Brief:
Your answer must be an exact copy of the lines below, from the first through the one with "Nike Sportswear Sneaker", with no pictures.

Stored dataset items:
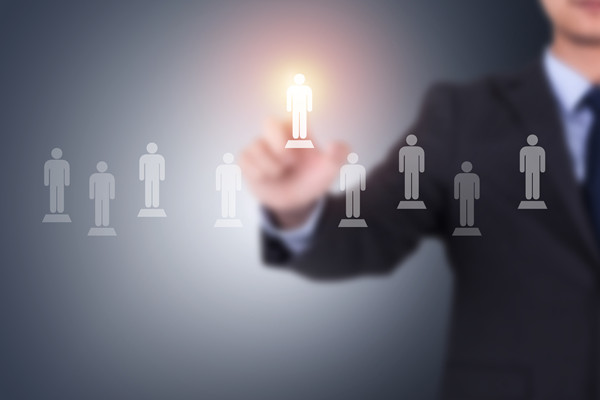 招聘與選拔：精準匹配，為企業(yè)引進優(yōu)秀人才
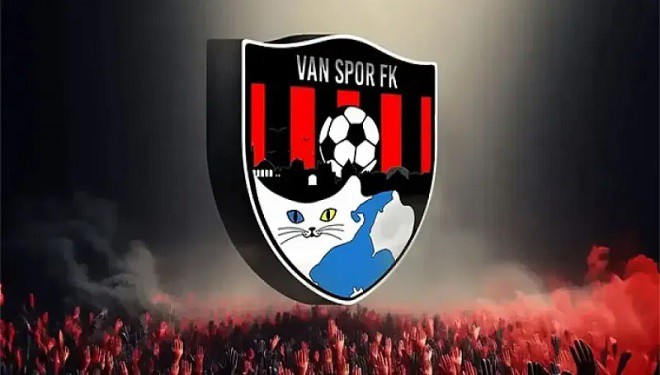 Vanspor FK'da altyapı seçmeleri başlıyor!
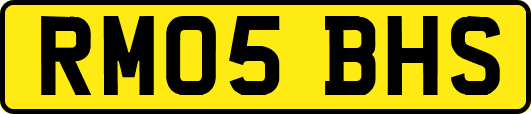RM05BHS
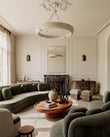 Coffee Tables Aura Coffee Table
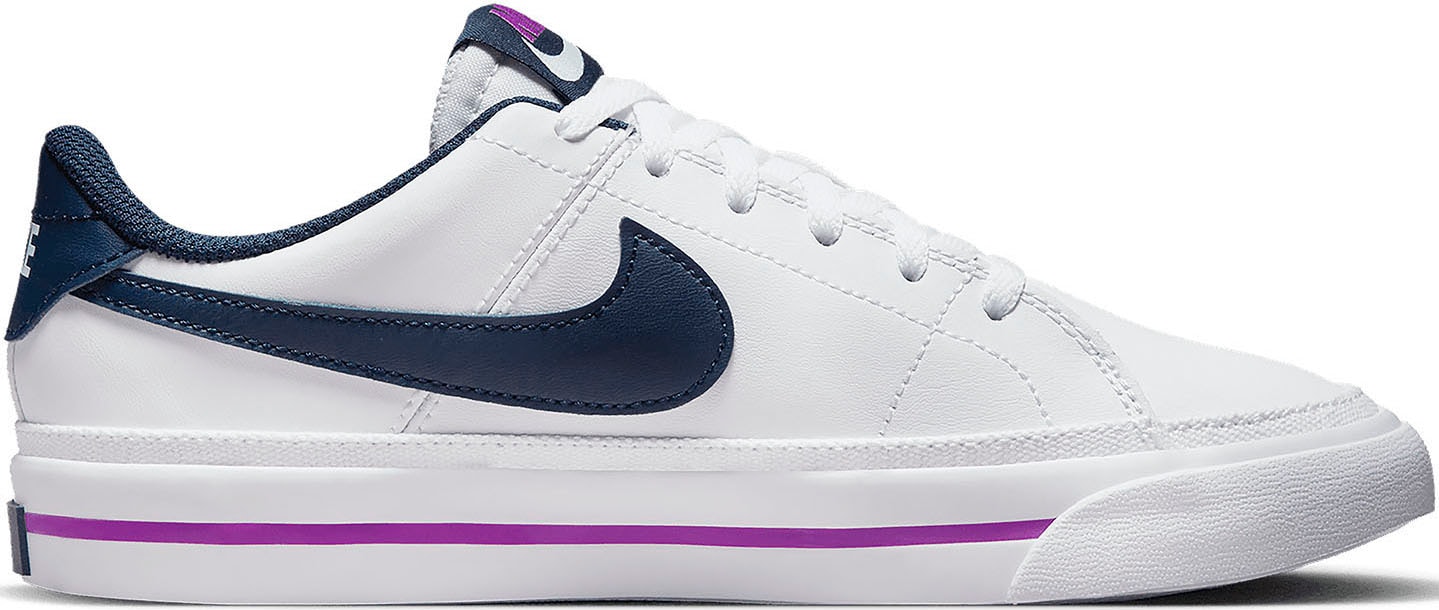 Nike Sportswear Sneaker »COURT LEGACY (GS)«
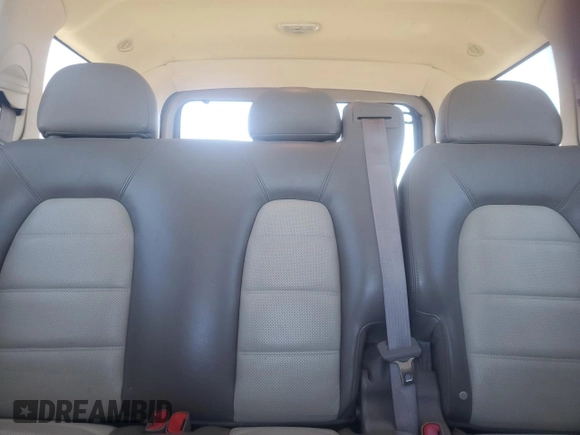 2004 Ford Explorer z VIN 1FMZU84W34ZA95465, wystawiony jako Copart lot #49528345 z przebiegiem 161 152 mil mil oraz Czysty tytuł • Clean title. Historia ofert i sprzedaży dostępna na DreamBid. Obrazek 10.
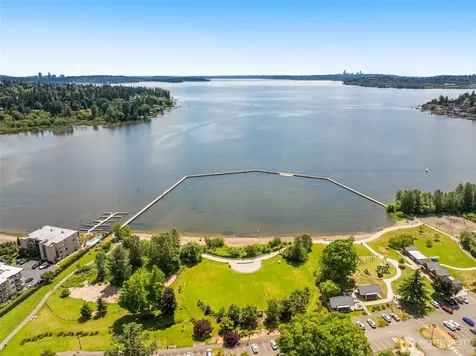 11626 100th Avenue NE Kirkland WA 98034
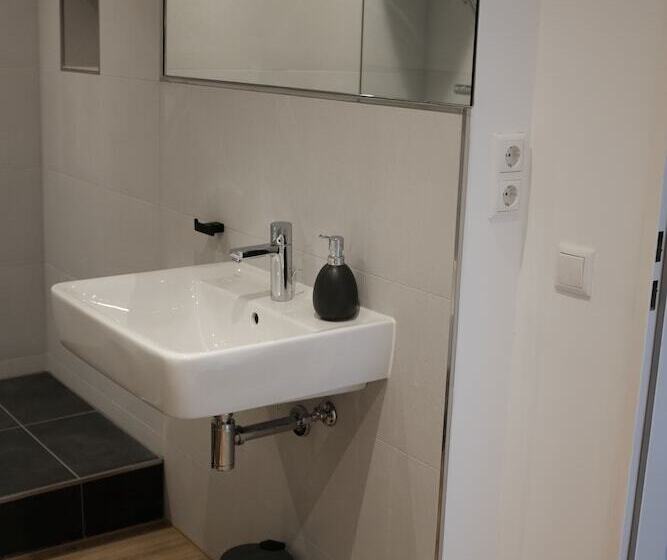 Aparthotel Glück Auf Düppelstrasse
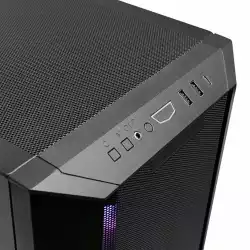 Lian Li кутия Case E-ATX - LANCOOL III RGB - Black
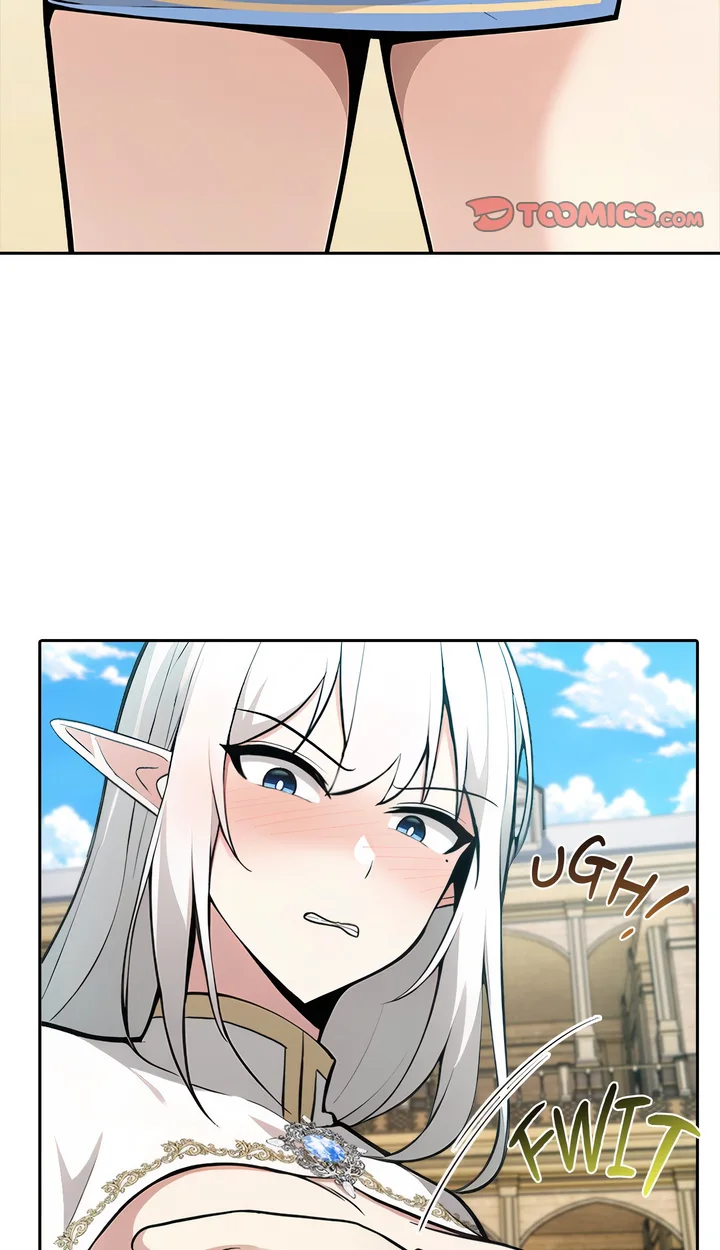 Draco-Knight Commander (Uncensored) - Chapter 41 Page 22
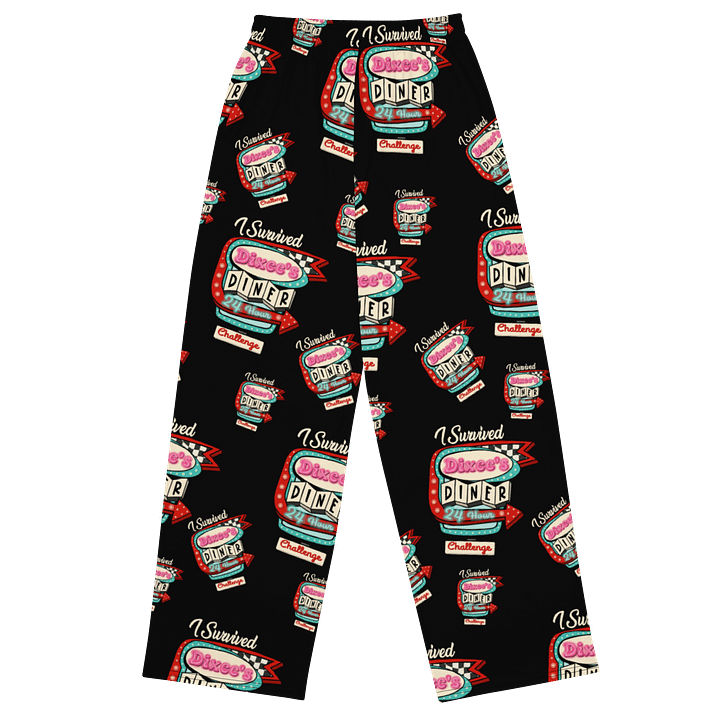 Dixee's Diner Pants product image (2)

Task output:
 招聘與選拔：精準匹配，為企業(yè)引進優(yōu)秀人才
 Vanspor FK'da altyapı seçmeleri başlıyor!
RM05BHS
 Coffee Tables Aura Coffee Table
 Nike Sportswear Sneaker »COURT LEGACY (GS)«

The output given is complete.